The goggle-glass-wearing Mutt inhabits a strange universe, a generation of genetic drift from that of John Waters. Said universe is clearly Hamilton, but peopled by freak-show characters who follow no known rules of normal behaviour.
As such, You Might As Well Live is very much like Clinton Manitoba (Michael Madsen), the minor-league baseball legend who appears in fantasy sequences to give Mutt life advice. ie., it lurches about clumsily scratching its crotch, swings desperately for the fences for jokes and strikes out prodigiously. But it connects often enough to make you laugh, sometimes against your will, out of sheer shock and disbelief.
It says it all that director/co-writer Simon Ennis is not content to have one drooling, comatose central character in the movie. He has two -- and wouldn't it be funny if either of the actresses in question, Nicole Arbour, who plays Mutt's dreamgirl and Diane Gordon, who plays his mom, got nominated for a Genie?
The movie opens to probably its funniest scene (not really a good thing in terms of pacing), Mutt's ridiculously ill-planned first suicide attempt. When we meet next he's been three years in a mental institution where he feels at home for the first time in his life. But when he beats the new doctor at air hockey, he is declared "sane" out of spite and released to the insane asylum at large.
At home he finds that his neighbour (the ubiquitous Stephen McHattie) has framed him as a child pornographer to distract the neighbourhood from his own stash of kiddie porn, and Mutt finds himself chased naked by irate locals. Inside, his inert mother is in the "care" of his sleazy Uncle Casper (Boyd Banks) and Mutt's bimbo wannabe pop star singer sister (Kristin Fairlie).

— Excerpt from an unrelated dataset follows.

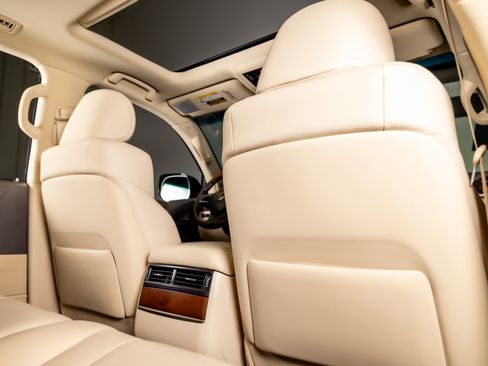 Used 2017 Lexus LX 570 LX 570 w/ Luxury Package image 25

The only people in his corner (and the only apparently sane people in the movie) are his best friend Hershey (Dov Tiefenbach) and Hershey's hot girlfriend Cookie (Kristen Hager).
Still, Mutt refuses to be a charity case, and emboldened by a vision in which his hero tells him he must acquire "a girl, money and a championship ring" to be somebody, he sets out on an improbable quest.
When he hears Jewish kids talking about the money they got at their bar mitzvah, he studies the Torah.
He also becomes a messenger boy for a drug dealer/organ trafficker and loses his stash at an orgy hosted by the town weatherman (Dan Lett), where a human liver ends up getting the Hannibal Lecter treatment, minus the fava beans.
In search of love, he meets a crazy girl with a "thing" for explosives (Liane Balaban) and a transsexual named Dixie (Greg Bryk).
There's no real traditional throughline to any of it, save for the deranged "happy ending."
The entire experience of You Might As Well Live is like one of those "Dark Comedy" nights at a sketch club, written on the fly by the most demented people in the room.